Athos, Aramis, Porthos, Milady, Rochefort et les autres auront été incarnés depuis le début du cinématographe plus d’une vingtaine de fois. Après la première adaptation, celle de Calmettes et Pouctal (1913), viennent celles d’Henri Diamant-Berger, (en 1921 et en 1933), d’André Hunebelle (1953) avec un irrésistible Bourvil en Planchet, ou celle de Bernard Borderie (1961). De récentes versions télévisées ont rendu grâce aux silhouettes d’Emmanuelle Béart et d’Arielle Dombasle, toutes deux en garce Milady. Le roman a forcément traversé l’Atlantique : George Sidney a, lui, confié le rôle de Milady à Lana Turner pour la version de 1948, et Richard Lester à Faye Dunaway en 1973. Vingt ans plus tard, Kiefer Sutherland, Chris O’Donnell, Rebecca De Mornay, Julie Delpy, Oliver Platt continuent à défendre les intérêts d’Anne d’Autriche ou à comploter contre elle dans le film de Stephen Herek. Mais les adaptations les plus réussies car librement inspirées et joyeusement insolentes restent celle de Max Linder, L’Étroit Mousquetaire (1923) et dans un tout autre registre, La Fille de D’Artagnan de Bertrand Tavernier (1994). Les deux dernières versions du roman d’Alexandre Dumas sont, hasard du calendrier, des films d’animation : Walt Disney en 2004 et Janis Cimermanis en 2005.

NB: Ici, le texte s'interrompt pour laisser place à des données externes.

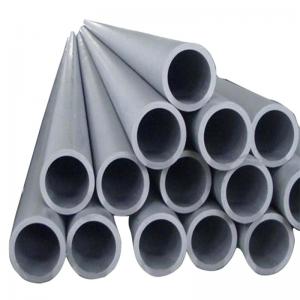 Electro Polished Stainless Steel Round Pipe BM Cold Drawn Stainless Steel Tube Manufactures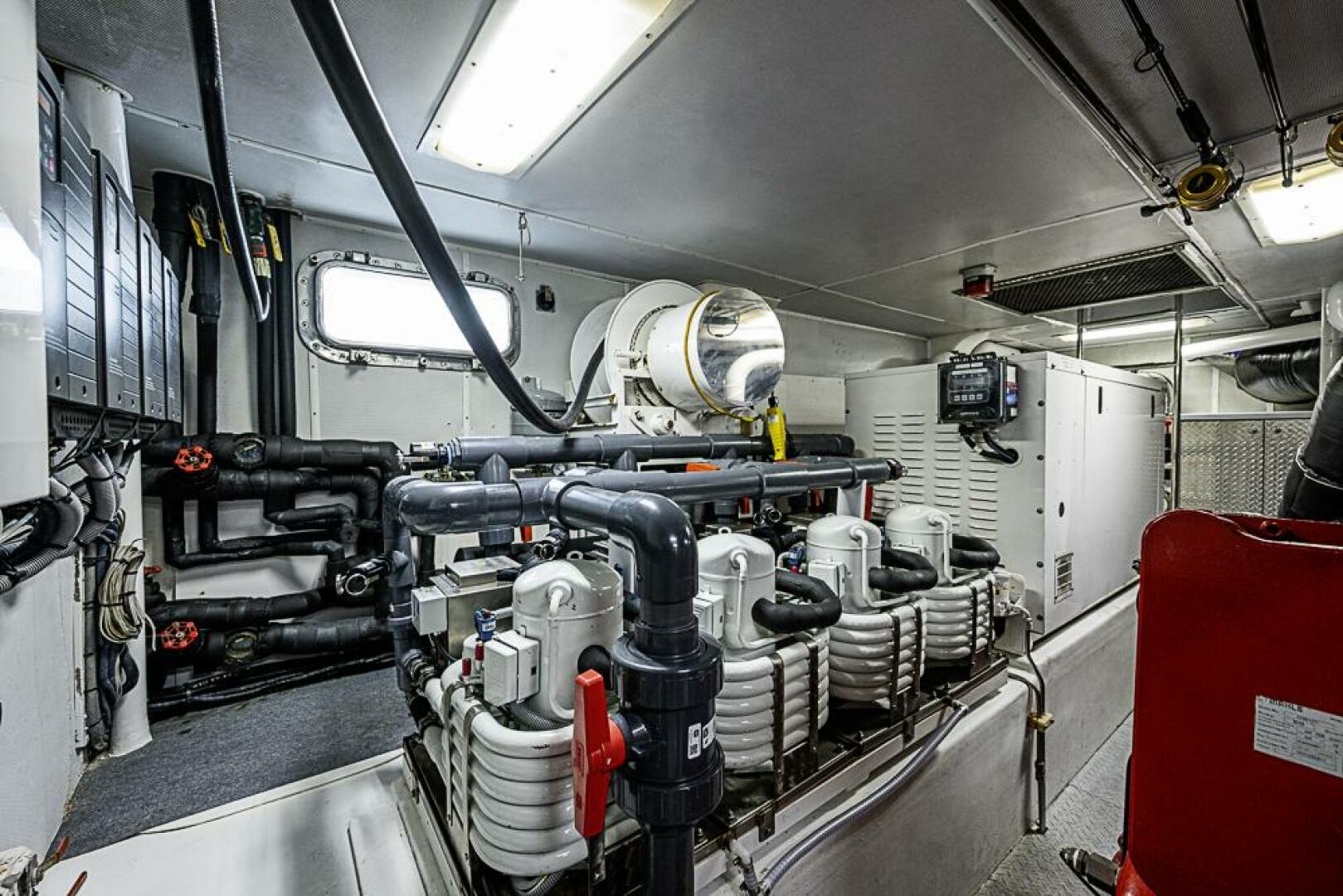Delta Marine-122 Tri-Deck Motor Yacht 1997-PROBABILITY Palm Beach-Florida-United States-5875989 | Thumbnail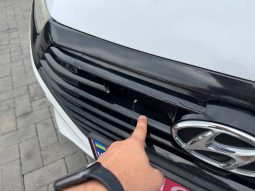 
HYUNDAI IONIQ HYBRID BLUE, 2017 full									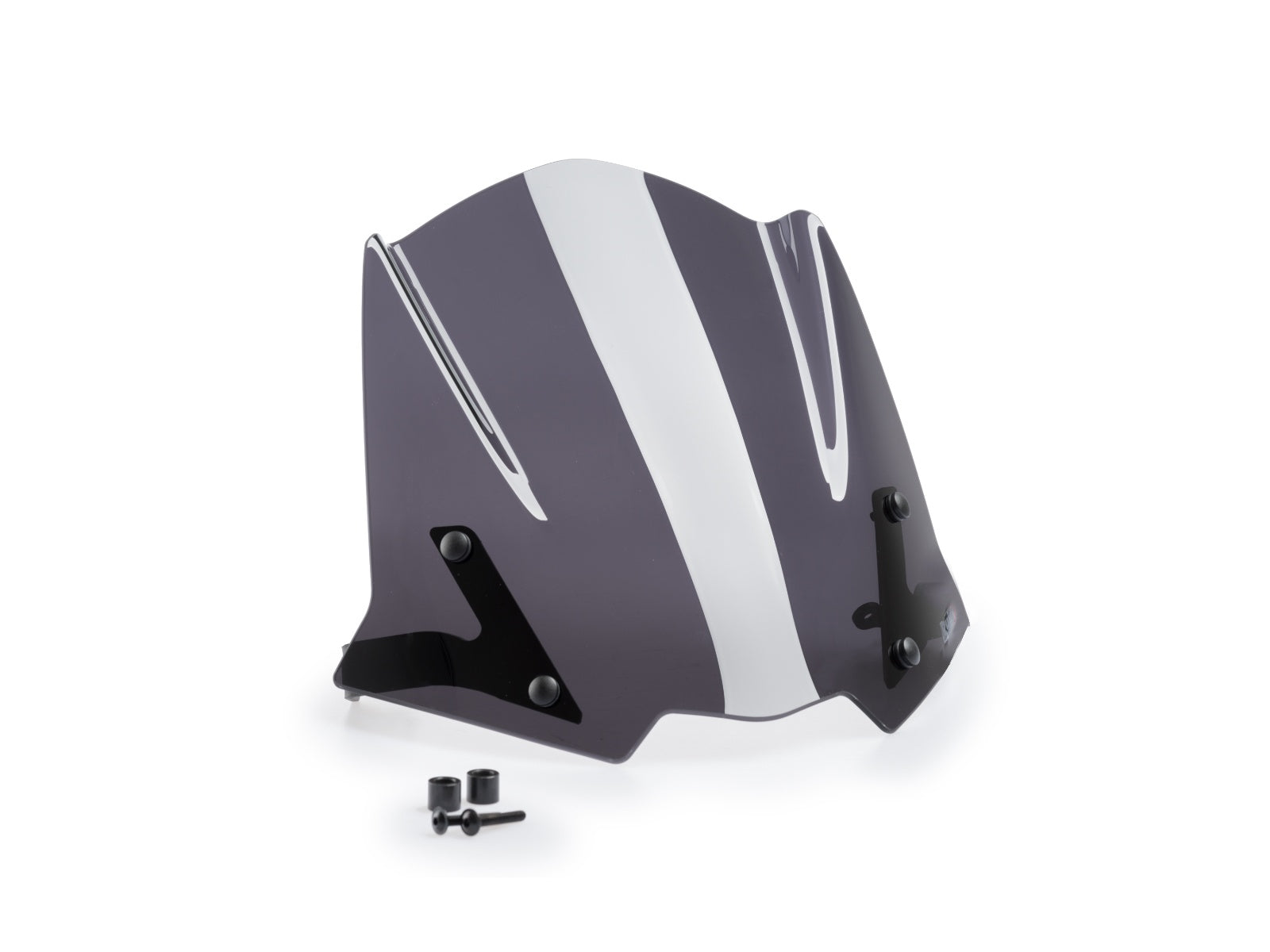 Puig New Generation Sport Screen for Triumph Street Triple 675 S (20-22)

Et il est bien vrai que la douce Constance, l’ardent d’Artagnan, le romantique Aramis, la maléfique Milady, le drôle Planchet ou le jaloux Richelieu, sont autant des figures de drame que de comédie. Le genre cape et d’épée, et surtout avec Les Trois Mousquetaires, distille l’aventure en travaillant tous les sentiments humains, les contradictions, les blessures, les amours. Il y a des morts et des vainqueurs, des méchants punis et des gentils récompensés. La Milady, notamment, personnage complexe, est la garce la plus espérée mais hélas, chez Janis Cimermanis, n’apparaît que deux ou trois fois. Son rôle est édulcoré et d’ailleurs, dans le film, ne reste que les bons et Constance ne meurt même pas. Notons d’ailleurs que les voix off ne collent guère aux personnages. La trame narrative a tellement été réduite que certaines actions sont incompréhensibles (lorsque les trois mousquetaires se retrouvent – pourquoi ? comment ? – à suivre d’Artagnan pour l’Angleterre, par exemple). Le scénario s’épuise très rapidement et aucun effet de mise en scène ne vient palier la dure réalité : le manque de suspense. Certes, les déboires de la reine sont bien connus mais la façon de traiter et de donner rythme à l’histoire ne convainc pas.
Et finalement, dans cette obsession du détail, l’anecdotique passe avant le récit. Car la prouesse technique (30 minutes de film demande 65 000 heures de travail – quatre ans de tournage donc), la prouesse technique donc – faire bouger au plus naturel ces bras, ces jambes, ces joues – étouffe la narration. Le regard est surtout porté sur le luxe déployé dans les costumes, les décors, la gestuelle. L’attention se libère et le film n’est plus qu’une suite de tableaux amusants mais anodins de l’histoire d’Alexandre Dumas.